Dr Kaleemullah Lashari, chairman of technical consultative committee of National Fund for Mohenjodaro (NFM) told Dawn at the ruined city on Wednesday that the scheme had been launched to ascertain actual limits of the site and undertake a deep study of the cultural material secured during the drilling.
He said the initial object of the scheme had been completed and it was confirmed during the huge exercise that the ancient city was spread over 360 hectares. The dry core drilling had been undertaken thrice since 1922 when Sir John Marshal first conducted the drilling. During all three exercises the experts had gone down to 80 feet, he said.
Dr Lashari said the second object of the drilling exercise was to study the cultural material obtained in the process by Dr Sarfaraz Solangi, the then head of the department of geology at University of Sindh who headed the project.
A three-member committee headed by him with Michael Jansen and another expert Mr John from United States of America as its members was tasked to carry out studies on the cultural material, he said.

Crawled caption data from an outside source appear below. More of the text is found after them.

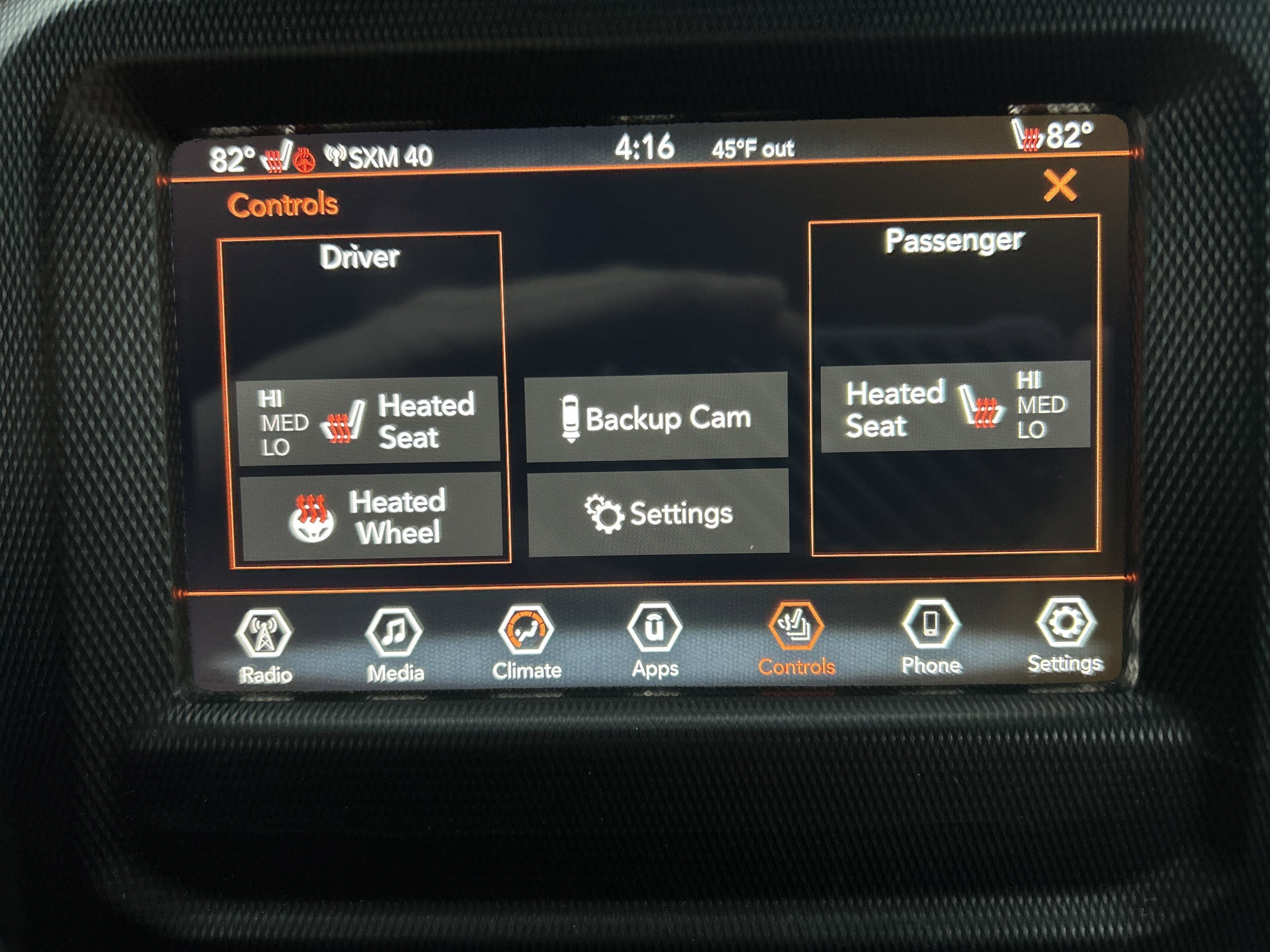 2018 Jeep WRANGLER UNL SAHARA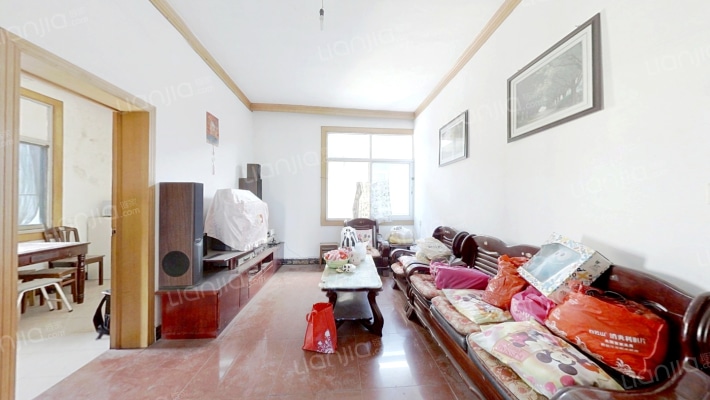 爱国路二手房实景图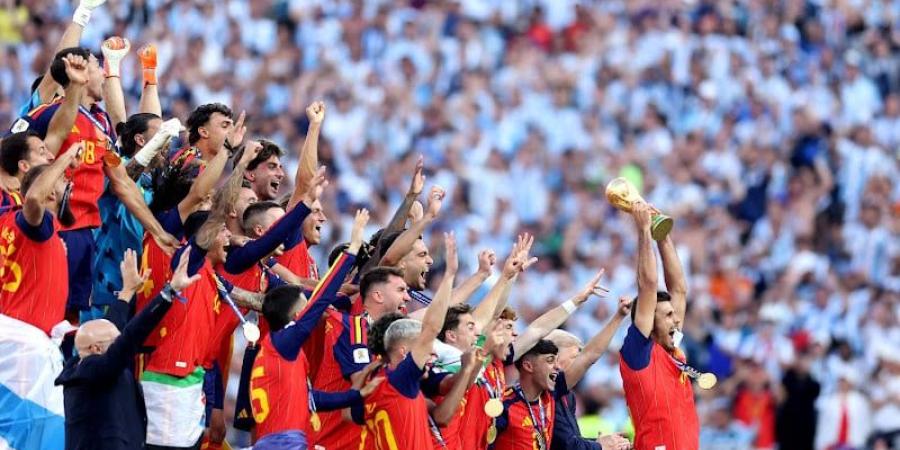 استقبال حافل بانتظار المنتخب الإسباني - بوابة المدينة برس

He said the studies were to be conducted on the things that had remained in the use of the ancient people and the behaviour of the Indus River. The committee was scheduled to meet at the archaeological site on July 26 but it had to be postponed after the death of one of its members Dr Michael Jansen, he said.
“We will now co-opt Dr Sarfraz Solangi, who had conducted the geological studies, as member of the committee to move further,” he said.
He said the scheme pertaining to the cultural segment of the dry core drilling had been prepared and subsequently submitted to the department of culture along with its PC-I in 2018. It was revised after two years and submitted in 2020 to the department which still required the nod of the head of the department, he said.
He said that research itself was a big task which would definitely require financial assistance.”We, therefore, have prepared a scheme with estimated cost of Rs80 million,” he said.
Asked what would be the fate of this segment of the dry core drilling as the scheme submitted twice to the department had not yet seen the light of the day, he said that it was an ongoing project which required to be given priority.